Alors que j'étais dans les bras d'un autre homme, j'eu ma révélation.
Je comprenais maintenant pourquoi j'étais réticente à faire un enfant.
Oui il y avait mon âge, je me trouvais trop jeune pour enfanter.
Mais 21 ans était tout aussi jeune pour régner et je régnais.
Mon problème c'est que même si j'étais une comtesse et mon titre à l'heure actuelle dans les sociétés modernes s'apparentait plus à un statut de reine, il en était pas moins que je n'avais jamais eu mon conte de princesse.
Et le propre de ces contes est justement : ils se marièrent et eurent beaucoup d'enfants.
Mon mariage avec Edward, l'officiel, était un mensonge, même si le renouvellement de nos vœux était dans mon cœur bien plus élogieux que le reste. Je n'avais rien du conte traditionnel alors à quoi pourrait ressembler les enfants dans un tel tableau ?
Tout était trop confus.
Je continuais à danser mécaniquement, mon esprit bien loin, il était déjà de retour à Syllavie. J'avais une décision à prendre.
Après quelques danses, je prétextais un peu de fatigue et l'envie de m'entretenir avec Victoria.
Mon cavalier fut tout aussi servant en m'accompagnant jusqu'à sa sœur.
Nous parlâmes un petit moment, nous nous étions réfugiées sur un balcon.
-Je suppose que tu repars dès demain, finit-elle.
Je souris.
-Je ne peux rien te cacher.
-Promets-moi de revenir.
-Que si tu viens me voir également.
-Marché conclu.
Je dormis mal cette nuit-là, j'aurais bien fait apprêter le jet sur l'heure mais je ne voulais pas tomber dans les caprices de stars.

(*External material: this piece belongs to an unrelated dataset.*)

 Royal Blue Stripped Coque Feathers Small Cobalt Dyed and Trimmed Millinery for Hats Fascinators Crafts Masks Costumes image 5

J'attendis donc une heure raisonnable le lendemain c'est-à dire 7 heures pour partir.
J'arrivais en fin de matinée sur l'île, je me fis discrète pour rentrer au palais.
J'allais directement au bureau d'Edward.
J'ouvris doucement la porte, il était là, la tête entre ses mains. Le journal devant lui.
Je maudis cette peste de Jessica Stanley quel torchon avait-elle bien pu écrire encore.
Je secouais la tête, ce n'était pas important pour l'instant, j'avais autre chose en tête.
Prendre conscience de toutes ses choses m'avait permise de définitivement pardonner à Edward notre passé.
Je n'avais pas le pouvoir de le changer et il est et restera le seul homme de ma vie. Je devais composer avec ça et l'accepter. C'est seulement en faisant cela que je pourrais avancer dans ma vie, de femme, de comtesse et de future mère.
Je m'approchais doucement de lui, il ne m'entendit pas quand je passai mes mains sur ses épaules.
Il sursauta s'éloignant de moi instinctivement.
Quand il me vit, il écarquilla les yeux.
-Bella c'est bien toi ? Mais…
Je souris et l'attirais à moi pour l'embrasser.
Il répondit distraitement à mon baiser.
-Mais que fais-tu ici ? Tu es déjà de retour comment…
-Chut, le stoppais-je en le ré-embrassant, tout en m'installant à califourchon sur lui.
-J'ai compris quelques choses là-bas mais nous en parlerons plus tard, pour l'instant, la seule chose que je veux c'est que tu me fasses un enfant.